Строжайше запретить бы этим господам
«Семья — это про любовь и взаимное уважение, а не про пытки и тюрьму» и «каждый человек имеет право на частную жизнь» — эти две фразы стали своего рода главными лозунгами, прозвучавшими во вторник на круглом столе, посвященном домашнему насилию и противодействию навязчивому преследованию. На мероприятии (которое вполне можно назвать историческим) депутаты и представители общественности обсуждали сразу два законопроекта по борьбе с этим злом.
Об этом — в материале обозревателя «МК», которая выступила на мероприятии в качестве члена СПЧ.
Навязчивое преследование
Депутаты от партии «Новые люди» представили новый вариант законопроекта о сталкинге. Накануне они объявили о запуске проекта «Стакингу. Нет», и в итоге сотни людей обратились к ним за помощью уже в первые дни. Депутат Госдумы Ксения Горячева в качестве примера рассказала историю девушки, которой на момент начала преследования было всего 14 лет.
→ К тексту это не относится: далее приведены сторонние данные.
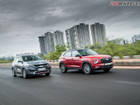 2020 Hyundai Creta vs Kia Seltos: Turbo Petrol Automatic Comparision Review 2020 Hyundai Creta vs Kia Seltos: Turbo Petrol Automatic Comparision Review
— Девочка познакомилась с женщиной в приложении на сайте, где можно найти друзей. Она прибавила себе возраст на два года. Ей написала женщина, которая, наоборот, уменьшила свой возраст (написала, что ей 20, а на самом деле 35). На встрече все открылось. Девочка заблокировала эту женщину, но та ее стала преследовать: ходила по пятам, писала с разных номеров. Девочка вместе с родителями не раз обращалась в полицию. Прошло 3 года, ничего не изменилось. И механизмов помочь этой девочке нет. Мы получили два отрицательных отзыва на первую версию законопроекта о борьбе с навязчивым преследованием, подготовили новую версию, которая поможет обеспечить максимальную защиту в совершенно разных ситуациях. Мы предлагаем ввести новую статью в КоАП, где будут даны точные определения тому, что такое «систематическое преследование», «нежелательное вторжение в частную жизнь», где будет прописана ответственность. Для тех, кто переживал по поводу членов семей, мы отдельно прописали: они не подлежат административной ответственности по этому законопроекту.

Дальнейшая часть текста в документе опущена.